**Exercise**
In the entries that follow, copy exactly each line from the first through the line with "letter k worksheet".
═══
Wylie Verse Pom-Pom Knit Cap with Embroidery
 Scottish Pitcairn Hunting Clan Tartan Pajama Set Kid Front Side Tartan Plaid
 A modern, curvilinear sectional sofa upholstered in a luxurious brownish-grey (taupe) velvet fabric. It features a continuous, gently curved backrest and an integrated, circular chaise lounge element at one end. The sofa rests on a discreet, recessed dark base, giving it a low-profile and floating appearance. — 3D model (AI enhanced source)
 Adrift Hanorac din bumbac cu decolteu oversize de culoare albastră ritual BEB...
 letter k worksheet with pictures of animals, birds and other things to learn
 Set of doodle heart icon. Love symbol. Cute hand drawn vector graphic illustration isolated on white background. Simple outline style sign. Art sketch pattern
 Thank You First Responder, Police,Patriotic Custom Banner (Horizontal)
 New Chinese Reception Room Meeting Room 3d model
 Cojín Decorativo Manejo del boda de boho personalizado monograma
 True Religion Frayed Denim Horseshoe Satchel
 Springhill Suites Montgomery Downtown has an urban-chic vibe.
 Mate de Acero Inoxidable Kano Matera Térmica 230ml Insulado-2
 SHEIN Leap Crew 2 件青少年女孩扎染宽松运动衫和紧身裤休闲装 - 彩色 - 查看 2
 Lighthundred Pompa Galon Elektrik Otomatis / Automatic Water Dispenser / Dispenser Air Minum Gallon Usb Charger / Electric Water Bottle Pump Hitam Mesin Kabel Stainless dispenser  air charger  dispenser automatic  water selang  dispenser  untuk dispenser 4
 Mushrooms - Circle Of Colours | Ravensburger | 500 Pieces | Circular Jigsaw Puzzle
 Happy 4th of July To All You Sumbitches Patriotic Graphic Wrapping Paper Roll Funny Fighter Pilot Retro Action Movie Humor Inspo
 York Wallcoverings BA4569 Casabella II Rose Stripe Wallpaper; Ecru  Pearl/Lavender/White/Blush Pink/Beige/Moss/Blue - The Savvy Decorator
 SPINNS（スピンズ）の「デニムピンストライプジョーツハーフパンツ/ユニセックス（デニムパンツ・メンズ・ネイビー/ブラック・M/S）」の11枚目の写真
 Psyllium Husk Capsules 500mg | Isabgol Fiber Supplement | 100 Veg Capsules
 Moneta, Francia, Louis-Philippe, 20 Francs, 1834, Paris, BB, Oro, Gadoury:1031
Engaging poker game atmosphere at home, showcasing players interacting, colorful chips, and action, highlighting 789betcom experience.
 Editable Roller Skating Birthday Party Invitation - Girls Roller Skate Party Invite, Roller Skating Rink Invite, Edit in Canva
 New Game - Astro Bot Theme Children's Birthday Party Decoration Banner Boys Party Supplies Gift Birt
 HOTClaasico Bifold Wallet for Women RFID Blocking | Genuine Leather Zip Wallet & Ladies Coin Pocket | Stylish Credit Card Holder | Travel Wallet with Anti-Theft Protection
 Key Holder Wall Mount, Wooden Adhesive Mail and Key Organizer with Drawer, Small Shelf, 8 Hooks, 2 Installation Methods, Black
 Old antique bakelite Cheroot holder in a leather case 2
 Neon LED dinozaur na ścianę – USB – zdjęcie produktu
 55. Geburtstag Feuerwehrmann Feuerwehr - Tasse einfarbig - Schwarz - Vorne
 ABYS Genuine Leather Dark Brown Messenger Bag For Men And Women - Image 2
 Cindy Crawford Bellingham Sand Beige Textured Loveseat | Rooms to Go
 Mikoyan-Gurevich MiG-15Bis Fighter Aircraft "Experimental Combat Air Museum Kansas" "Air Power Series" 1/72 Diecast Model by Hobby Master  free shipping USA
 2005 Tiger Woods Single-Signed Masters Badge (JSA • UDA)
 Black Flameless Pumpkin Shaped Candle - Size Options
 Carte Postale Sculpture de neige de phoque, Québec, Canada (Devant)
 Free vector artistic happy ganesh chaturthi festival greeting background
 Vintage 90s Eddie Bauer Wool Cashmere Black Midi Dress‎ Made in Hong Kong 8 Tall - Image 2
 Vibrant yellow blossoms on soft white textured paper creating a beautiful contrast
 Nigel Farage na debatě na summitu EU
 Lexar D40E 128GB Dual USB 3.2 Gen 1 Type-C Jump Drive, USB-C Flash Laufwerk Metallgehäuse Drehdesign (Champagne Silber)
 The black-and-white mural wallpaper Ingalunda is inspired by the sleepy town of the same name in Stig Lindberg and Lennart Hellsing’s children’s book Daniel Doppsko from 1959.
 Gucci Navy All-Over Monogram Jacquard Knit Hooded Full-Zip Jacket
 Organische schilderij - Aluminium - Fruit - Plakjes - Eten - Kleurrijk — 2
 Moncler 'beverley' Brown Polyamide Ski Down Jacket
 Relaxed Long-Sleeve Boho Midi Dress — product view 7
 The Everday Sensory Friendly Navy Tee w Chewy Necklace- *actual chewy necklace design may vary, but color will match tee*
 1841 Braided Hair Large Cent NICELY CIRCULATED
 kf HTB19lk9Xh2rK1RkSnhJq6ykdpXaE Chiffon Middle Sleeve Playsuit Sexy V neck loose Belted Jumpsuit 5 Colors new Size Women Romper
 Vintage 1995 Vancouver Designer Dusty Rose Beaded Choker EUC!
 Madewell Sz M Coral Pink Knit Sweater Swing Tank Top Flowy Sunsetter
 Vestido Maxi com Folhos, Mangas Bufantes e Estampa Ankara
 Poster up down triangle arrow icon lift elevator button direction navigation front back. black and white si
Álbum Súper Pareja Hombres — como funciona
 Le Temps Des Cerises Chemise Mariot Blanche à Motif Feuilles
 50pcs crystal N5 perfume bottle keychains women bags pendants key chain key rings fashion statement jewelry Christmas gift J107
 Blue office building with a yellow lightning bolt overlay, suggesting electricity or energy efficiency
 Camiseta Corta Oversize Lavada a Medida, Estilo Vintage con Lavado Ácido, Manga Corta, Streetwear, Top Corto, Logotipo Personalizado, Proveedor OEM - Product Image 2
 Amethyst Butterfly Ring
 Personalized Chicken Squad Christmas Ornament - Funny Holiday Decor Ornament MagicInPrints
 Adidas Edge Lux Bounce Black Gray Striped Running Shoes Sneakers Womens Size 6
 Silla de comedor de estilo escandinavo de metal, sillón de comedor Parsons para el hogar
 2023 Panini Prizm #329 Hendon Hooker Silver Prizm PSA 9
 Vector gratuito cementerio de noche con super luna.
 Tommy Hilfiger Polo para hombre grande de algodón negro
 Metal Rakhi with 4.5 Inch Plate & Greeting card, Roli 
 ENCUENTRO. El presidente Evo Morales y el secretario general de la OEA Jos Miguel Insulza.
═══
**Written answer**
Wylie Verse Pom-Pom Knit Cap with Embroidery
 Scottish Pitcairn Hunting Clan Tartan Pajama Set Kid Front Side Tartan Plaid
 A modern, curvilinear sectional sofa upholstered in a luxurious brownish-grey (taupe) velvet fabric. It features a continuous, gently curved backrest and an integrated, circular chaise lounge element at one end. The sofa rests on a discreet, recessed dark base, giving it a low-profile and floating appearance. — 3D model (AI enhanced source)
 Adrift Hanorac din bumbac cu decolteu oversize de culoare albastră ritual BEB...
 letter k worksheet with pictures of animals, birds and other things to learn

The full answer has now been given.